Meski langka, di beberapa kota besar di Indonesia seperti yang tercatat dalam literatur dunia digital, perempuan pengendara skuter ini mulai eksis dan membentuk komunitas skuter menjadi “rumah” mereka sendiri. Misalnya Ladies Scoot Bali di Kota Denpasar Bali, Perempuan Naik Scooter (PNS) di Tangerang, Femminile di Kota Kediri Jawa Timur, Scooter Bee dengan nama asal Scooter Barbie di Tangerang, dan Vespa Wanita Riau di Kota Pekanbaru Riau, serta beberapa komunitas skuter Vespa di kota lainnya.
Bunda. Begitu ia akrab disapa. Perempuan pemilik nama panjang Ni Nyoman Diera ini sudah berskuter sejak duduk di kelas dua Sekolah Menengah Pertama (SMP). Skuter itu warisan dari bapaknya. Sekarang usianya sudah paruh baya. Bahkan skuter sejak SMP itu masih dipakainya sampai sekarang. Cinta pada Vespa luar biasa. Tak heran jika Bunda mahir membongkar-pasang ban skuternya sendiri, memperbaiki busi, dan kerusakan lain ketika lelah dan mogok.
Kesenangannya pada Vespa bukan hanya suka dan suka, tapi karena skuter baginya banyak memberi pelajaran. Skuternya yang sering bermasalah karena sudah berusia tua, membuat dirinya mengerti arti sabar, tulus, dan pengorbanan. Kekuatan filosofi atas cintanya pada Vespa inilah yang membuatnya mendirikan komunitas Vespa Wanita Riau di sekitar tahun 2016. Selain itu karena jarang perempuan bervespa, sementara perlu wadah sendiri untuk berbagai kegiatan yang dilakukan.

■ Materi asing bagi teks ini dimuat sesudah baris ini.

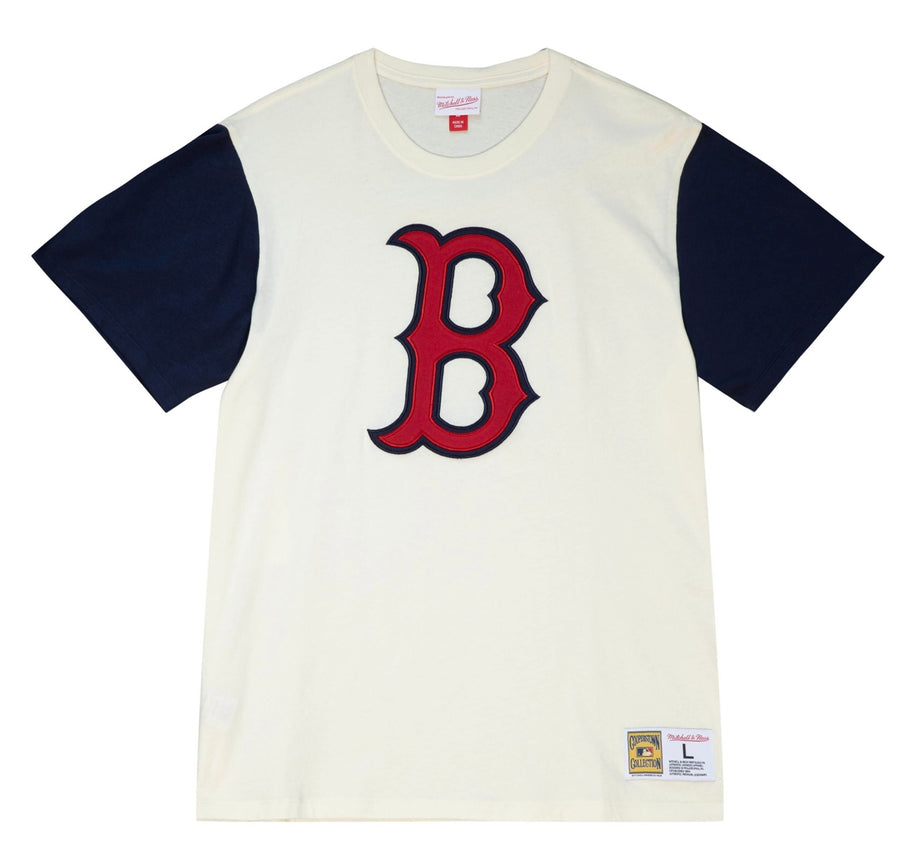 MLB Colorblock Boston Red Sox Tee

Bunda masih energik. Tegas berbicara, apa adanya, bersahabat dengan siapa saja dan sangat terbuka kepada mereka yang berbeda usia. Sekilas, seperti biasa, layaknya ibu-ibu lainnya. Tapi ia biasa bervespa ke jalan-jalan terjal, mendorong di jalan berbelok dan naik turun sambil membawa bantuan untuk masyarakat kurang mampu. Itu dilakukannya sudah sejak bertahun-tahun tahun silam.
Kesetaraan Gender
Vespa juga bisa untuk perempuan. Semangat inilah yang membuat Bunda terus bergerak dan berbuat dengan skuter, setia berkendara dengan Vespa. Sejak mengenal skuter di usia muda, Bunda sangat jarang bertemu dengan perempuan yang mengendarai skuter. Padahal, bukan hal yang tabu. Meski terlihat langka, tapi baginya asyik-asyik saja. Bahkan perempuan harus mampu mengendarai skuter atau kendaraan lain yang lebih digemari kaum lelaki. Baginya, kesetaraan gender ini penting agar perempuan ada di semua suasana dan kalangan.
Terlepas dari itu semua, isu kesetaraan gender memang lagi mencuat di mana-mana. Sebagai perempuan yang sudah lama menggemari Vespa, Bunda ingin meyakinkan kepada sesama kaumnya bahwa perbedaan gender jangan dijadikan masalah bagi perempuan yang memang hobi berkendaraan skuter. Apalagi sampai malu karena ada ejekan dari kaum pria. Justru semua itu dijadikan kekuatan, bahwa perempuan bisa. Sebaliknya, pujian juga jangan membuat lupa, apalagi sampai tidak berbuat untuk sesama.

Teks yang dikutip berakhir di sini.